What is needed
Leave out every picture, and output exactly the lines from the line containing "80 - A LATE" through the last line of the data.

(Data)

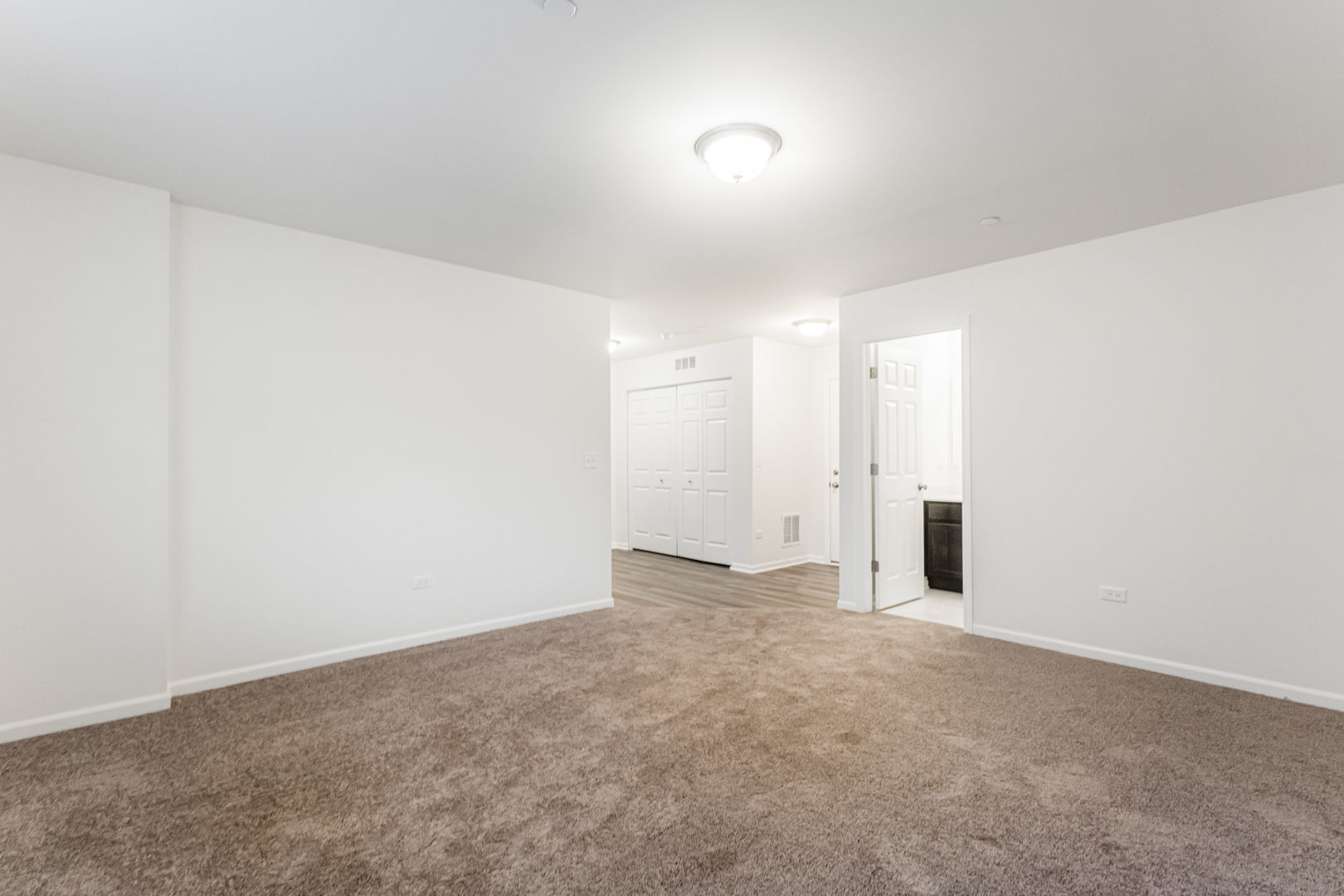 1985 Kingsley Circle, Northbrook, IL 60062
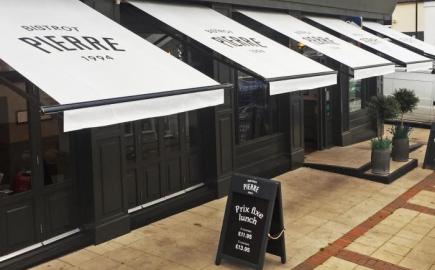 Classic Folding-Arm Awnings for Le Bistrot Pierre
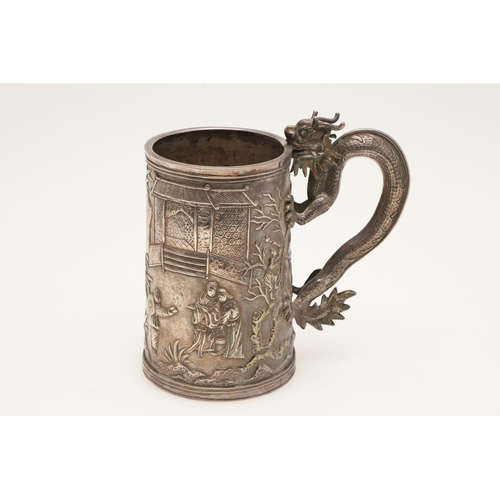 80 - A LATE 19TH CENTURY CHINESE SILVER MUG. of tapering circular form, with a dragon handle and the body... 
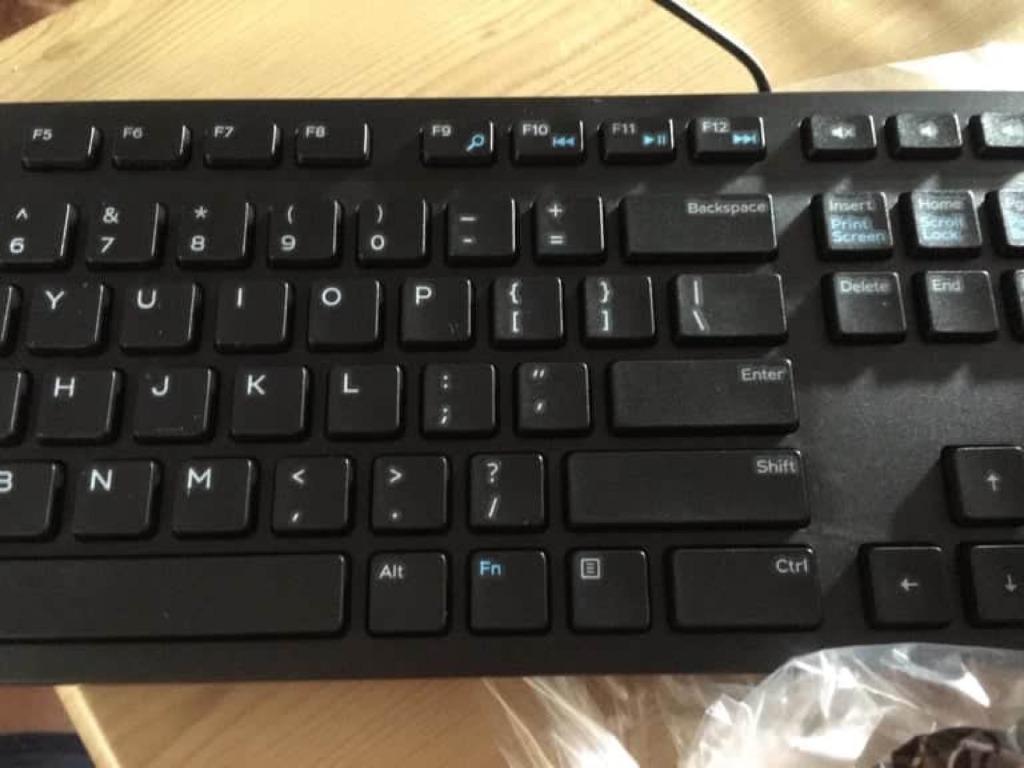 NEW Dell Computer Keyboard (FLAT KEYS) and Mouse bundle/set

(End Data)

Written answer
 80 - A LATE 19TH CENTURY CHINESE SILVER MUG. of tapering circular form, with a dragon handle and the body... 
 NEW Dell Computer Keyboard (FLAT KEYS) and Mouse bundle/set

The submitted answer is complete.